# EXERCISE AIM
Your copy should begin at the line containing "Seattle Kraken center" and end at the last line of the records below, matching each line exactly and leaving out pictures.

━━ EXERCISE DATA ━━

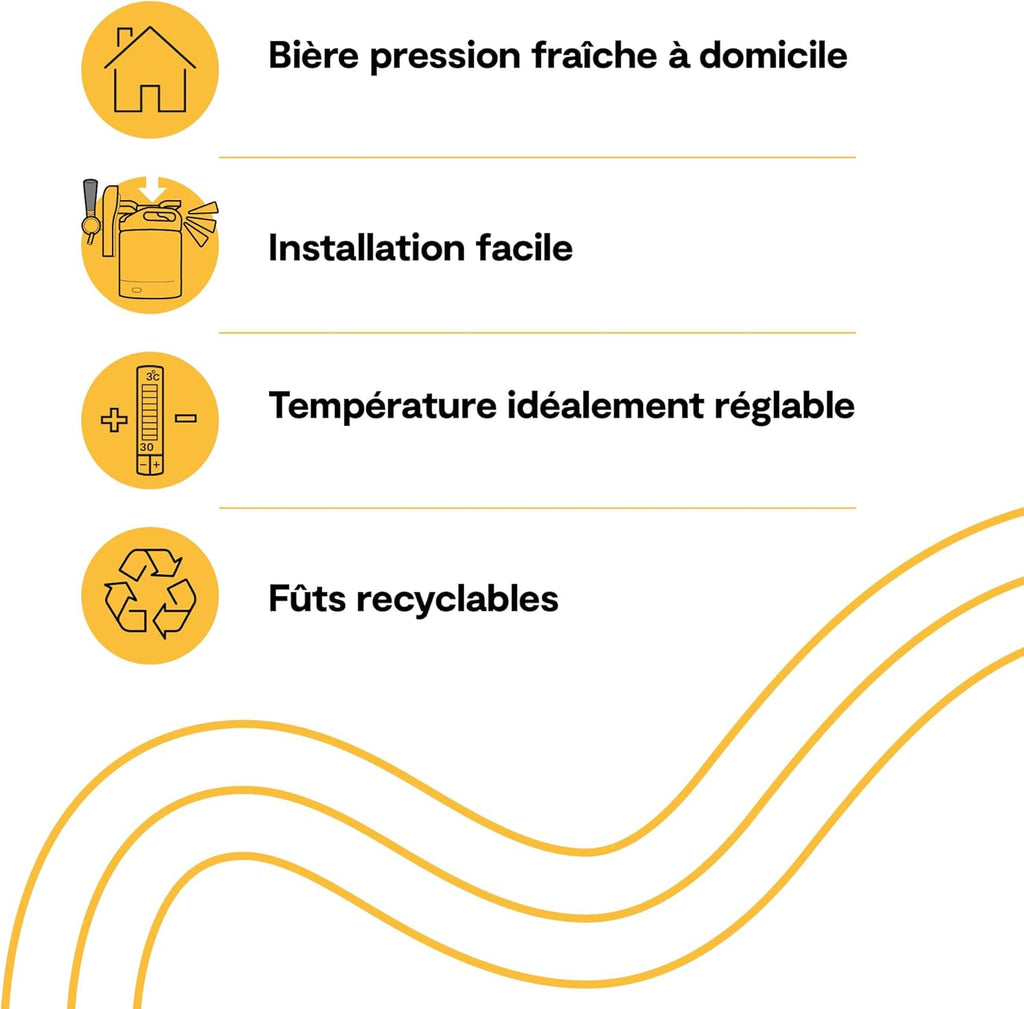 PerfectDraft – Pack Tireuse À Bière + 1 Fût Kwak Blonde 6L – Machine Pression À Domicile – Refroidissement À 3°C – 30 Jours Fraîcheur – Écran LED Température – Idée Cadeau Amateur Bière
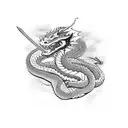 Dragon. Snake. Floral background. And a katana tattoo design idea
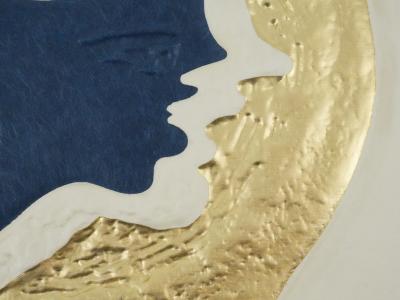 Georges BRAQUE : Médaillon en bleu - Gravure réhaussée à l'or 2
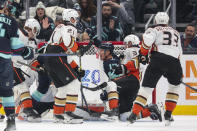 Seattle Kraken center Jaden Schwartz (17) reacts after scoring on Anaheim Ducks goaltender Lukas Dostal during the first period of an NHL hockey game Thursday, March 28, 2024, in Seattle. (AP Photo/Jason Redmond)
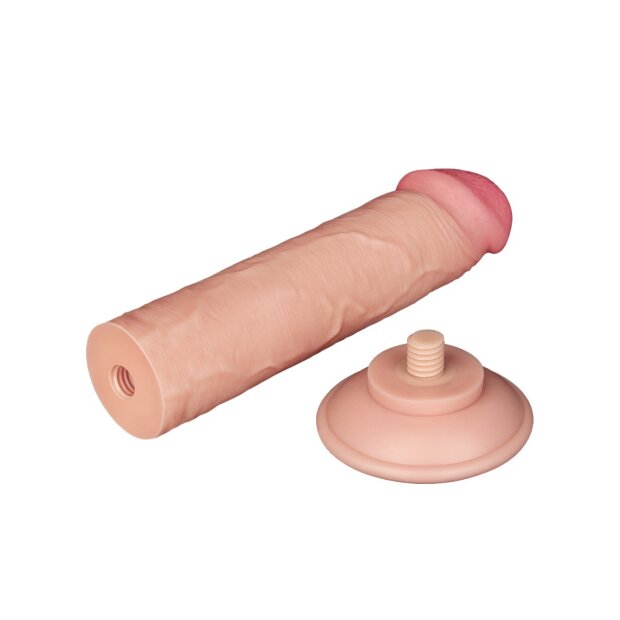 LoveToy - Sliding Skin Dildo 20 cm (Ø 3.8 cm) - Nude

━━━

# TASK OUTPUT
 Seattle Kraken center Jaden Schwartz (17) reacts after scoring on Anaheim Ducks goaltender Lukas Dostal during the first period of an NHL hockey game Thursday, March 28, 2024, in Seattle. (AP Photo/Jason Redmond)
 LoveToy - Sliding Skin Dildo 20 cm (Ø 3.8 cm) - Nude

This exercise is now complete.